> **Aim of the task**: In the records below, find the line containing "Autry Medalist Low" and the line containing "The Fabulous Wailers". Give again exactly those lines and every line between them, omitting the pictures.

> **Records for this task**:
=== Section Start ===
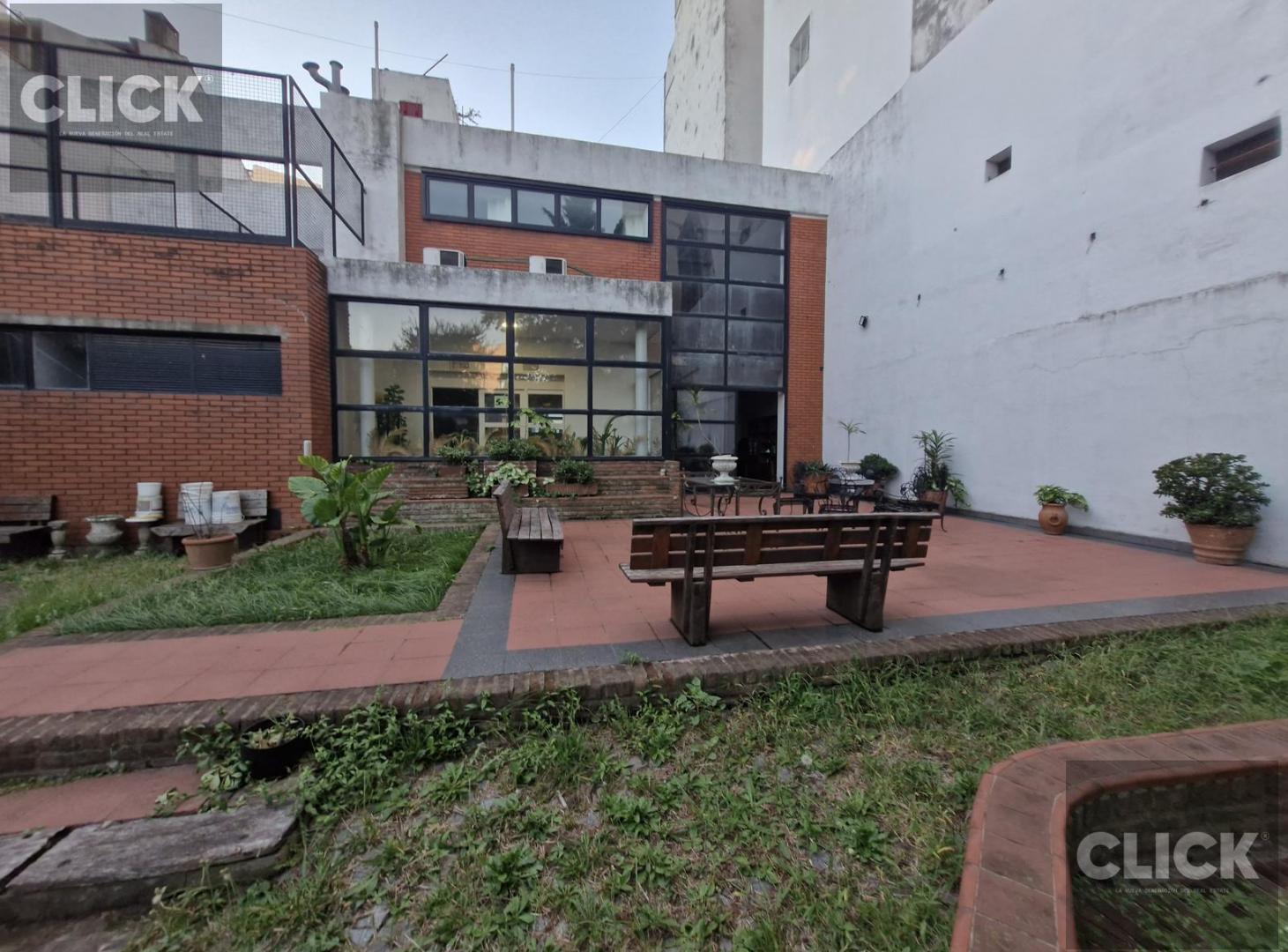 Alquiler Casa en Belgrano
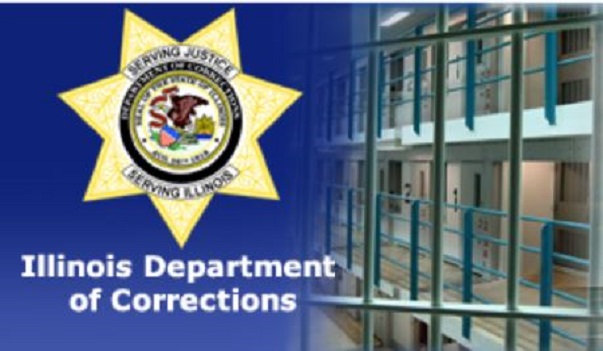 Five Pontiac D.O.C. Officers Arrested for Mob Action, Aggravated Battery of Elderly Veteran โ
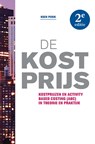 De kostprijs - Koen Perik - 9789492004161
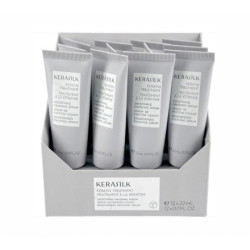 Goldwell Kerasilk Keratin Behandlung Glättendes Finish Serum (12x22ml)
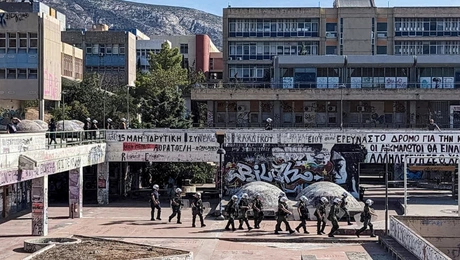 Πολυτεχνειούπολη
=== Section End ===
=== Section Start ===
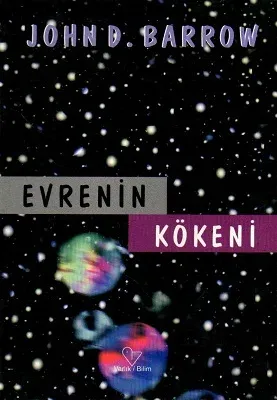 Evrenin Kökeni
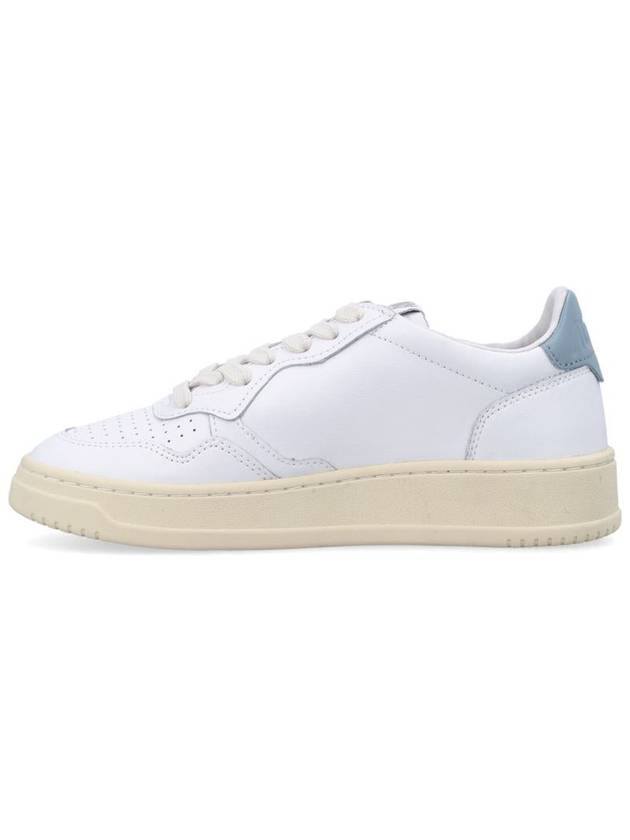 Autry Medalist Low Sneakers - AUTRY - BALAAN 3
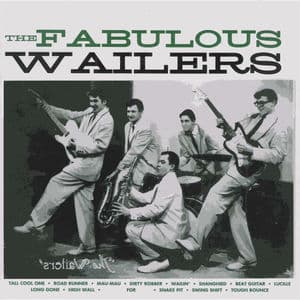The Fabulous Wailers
=== Section End ===
> **Solved problem**:
 Autry Medalist Low Sneakers - AUTRY - BALAAN 3
The Fabulous Wailers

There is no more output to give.